◆ YOUR GOAL
Run through the data and copy out every line that mentions the word "Imprimer".

◆ SOURCE RECORDS
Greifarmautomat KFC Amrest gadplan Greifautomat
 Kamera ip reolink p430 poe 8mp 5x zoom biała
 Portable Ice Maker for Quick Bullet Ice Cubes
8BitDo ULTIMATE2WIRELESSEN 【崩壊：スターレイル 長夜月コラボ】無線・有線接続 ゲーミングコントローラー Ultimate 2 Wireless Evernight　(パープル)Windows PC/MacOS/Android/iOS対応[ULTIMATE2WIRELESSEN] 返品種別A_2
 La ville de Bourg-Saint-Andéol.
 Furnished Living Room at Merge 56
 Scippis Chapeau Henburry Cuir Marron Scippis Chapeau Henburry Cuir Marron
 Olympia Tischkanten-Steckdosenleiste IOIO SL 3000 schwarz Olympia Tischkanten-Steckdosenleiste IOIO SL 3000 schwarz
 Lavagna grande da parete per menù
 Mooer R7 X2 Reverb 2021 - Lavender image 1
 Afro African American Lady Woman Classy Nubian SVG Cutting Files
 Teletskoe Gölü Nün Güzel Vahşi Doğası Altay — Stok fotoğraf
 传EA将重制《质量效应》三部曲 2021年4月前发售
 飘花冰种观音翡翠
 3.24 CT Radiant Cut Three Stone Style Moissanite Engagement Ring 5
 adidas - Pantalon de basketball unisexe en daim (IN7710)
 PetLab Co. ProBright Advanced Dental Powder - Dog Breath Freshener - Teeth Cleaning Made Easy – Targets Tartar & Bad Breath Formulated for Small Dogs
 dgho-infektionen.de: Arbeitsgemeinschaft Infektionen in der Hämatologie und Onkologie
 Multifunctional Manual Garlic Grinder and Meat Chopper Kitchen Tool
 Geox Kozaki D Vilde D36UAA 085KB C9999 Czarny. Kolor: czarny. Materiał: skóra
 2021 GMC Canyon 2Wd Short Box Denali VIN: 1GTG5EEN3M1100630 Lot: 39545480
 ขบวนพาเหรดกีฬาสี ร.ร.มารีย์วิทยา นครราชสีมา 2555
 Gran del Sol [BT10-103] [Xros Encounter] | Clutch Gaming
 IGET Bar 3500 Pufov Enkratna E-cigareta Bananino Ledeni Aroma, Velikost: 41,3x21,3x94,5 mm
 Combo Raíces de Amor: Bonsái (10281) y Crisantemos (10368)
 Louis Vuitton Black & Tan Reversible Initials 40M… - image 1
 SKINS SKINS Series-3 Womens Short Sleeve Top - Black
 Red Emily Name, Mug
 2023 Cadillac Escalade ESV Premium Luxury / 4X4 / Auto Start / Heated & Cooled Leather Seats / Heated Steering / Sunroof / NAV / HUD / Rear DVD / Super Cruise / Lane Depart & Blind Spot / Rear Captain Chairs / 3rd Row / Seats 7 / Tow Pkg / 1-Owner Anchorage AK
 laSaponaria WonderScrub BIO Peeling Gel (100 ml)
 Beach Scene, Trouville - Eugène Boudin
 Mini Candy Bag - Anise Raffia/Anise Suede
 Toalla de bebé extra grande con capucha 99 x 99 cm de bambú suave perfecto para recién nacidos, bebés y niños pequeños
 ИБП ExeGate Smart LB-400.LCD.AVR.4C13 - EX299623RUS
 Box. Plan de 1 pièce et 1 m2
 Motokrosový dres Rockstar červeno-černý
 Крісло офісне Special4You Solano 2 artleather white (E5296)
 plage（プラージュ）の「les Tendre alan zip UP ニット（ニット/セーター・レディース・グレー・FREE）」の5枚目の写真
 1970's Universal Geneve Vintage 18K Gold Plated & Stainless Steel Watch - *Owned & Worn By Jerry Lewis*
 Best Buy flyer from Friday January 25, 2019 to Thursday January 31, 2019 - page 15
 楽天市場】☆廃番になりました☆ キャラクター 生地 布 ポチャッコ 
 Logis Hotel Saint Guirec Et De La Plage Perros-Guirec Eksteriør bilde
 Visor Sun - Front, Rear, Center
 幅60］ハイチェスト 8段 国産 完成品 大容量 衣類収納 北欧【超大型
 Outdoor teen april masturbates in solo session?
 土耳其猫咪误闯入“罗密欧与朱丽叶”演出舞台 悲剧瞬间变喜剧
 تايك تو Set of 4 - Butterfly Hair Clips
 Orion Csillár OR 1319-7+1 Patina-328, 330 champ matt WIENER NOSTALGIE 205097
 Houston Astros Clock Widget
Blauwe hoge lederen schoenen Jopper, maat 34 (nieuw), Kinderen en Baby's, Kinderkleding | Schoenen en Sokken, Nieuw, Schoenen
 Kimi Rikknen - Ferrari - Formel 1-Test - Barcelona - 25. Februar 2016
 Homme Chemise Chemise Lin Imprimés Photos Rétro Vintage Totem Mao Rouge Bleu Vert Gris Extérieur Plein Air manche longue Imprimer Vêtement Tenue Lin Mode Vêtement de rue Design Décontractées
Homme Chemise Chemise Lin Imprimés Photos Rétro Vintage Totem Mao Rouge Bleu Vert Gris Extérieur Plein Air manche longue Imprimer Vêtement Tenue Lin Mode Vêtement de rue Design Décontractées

◆ EXPECTED ANSWER
 Homme Chemise Chemise Lin Imprimés Photos Rétro Vintage Totem Mao Rouge Bleu Vert Gris Extérieur Plein Air manche longue Imprimer Vêtement Tenue Lin Mode Vêtement de rue Design Décontractées
Homme Chemise Chemise Lin Imprimés Photos Rétro Vintage Totem Mao Rouge Bleu Vert Gris Extérieur Plein Air manche longue Imprimer Vêtement Tenue Lin Mode Vêtement de rue Design Décontractées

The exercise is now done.